Глава 5 Дорога туда и три четверти дороги обратно

В Венеции похолодало. Холодный воздух с северо-востока дул уже несколько дней. Дошло до того, что вместо ледяного дождя на мостовые и каналы стали выпадать пушистые мягкие хлопья снега. Долго они не держались и к обеду всегда исчезали. Но по утрам на тихой воде кое-где можно было увидеть даже тонкие пластины льда, трескающегося при малейшем волнении.

Погода наводила на грустные мысли. Она, казалось, растворялась в человеке и словно скульптор или художник творила его настроение и чувства, охватывая тихой тоской о чем-то ушедшем, несбывшемся, необъяснимой светлой печалью, размытыми образами воспоминаний. Так чувствовал Филипп. Так, очевидно, не чувствовали венецианцы. Потому что никакая погода не могла остановить карнавал. Он продолжал цвести и буйствовать, не обращая внимание на снег и дождь – в конце концов, люди придумали плащи, камины и вино…

Люди вообще много чего придумали. И, как правило, уже давно. Например, бой быков, когда состоятельные люди организовывали нечто вроде гладиаторского сражения на площадях города. Быков, естественно, в конце убивали, тут же разделывали, а мясо раздавали всем желающим, в каковых недостатка не наблюдалось. Да и сама традиция общественных развлечений, коими и являлся карнавал, явно происходила из римских еще времен. Разве что добавилось кое-что, что по-настоящему удивляло и заставляло задуматься.

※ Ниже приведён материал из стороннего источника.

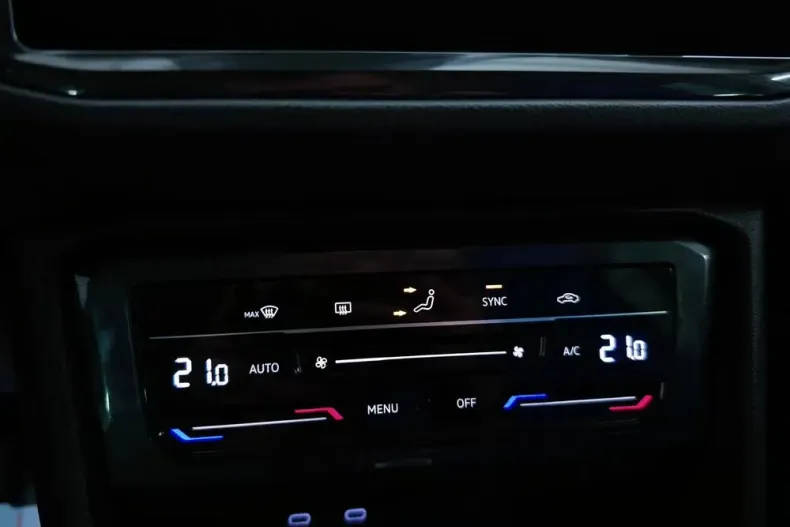 Volkswagen Tiguan din 2021 cu 110.529 km - oferta VOL144928 - foto 10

В этой связи Шато-Рено удивляла больше не вседозволенность в области нравов, а удивительная раскрепощенность в смысле политики и уважения к правящим слоям города. Разрешалось высмеивать все и всех: глупых сенаторов, продажных судей, трусливых военных. Даже фигура дожа не была ограждена от критики и прямых издевательств. Другое дело, что дож нынешний пользовался определенной любовью народа и обладал солидным авторитетом, так что его личность редко упоминалась в уличных представлениях, разве только в контексте его старости и немощности. Но остальным доставалось по полной, даже политика государства подвергалась порой осмеянию и осуждению.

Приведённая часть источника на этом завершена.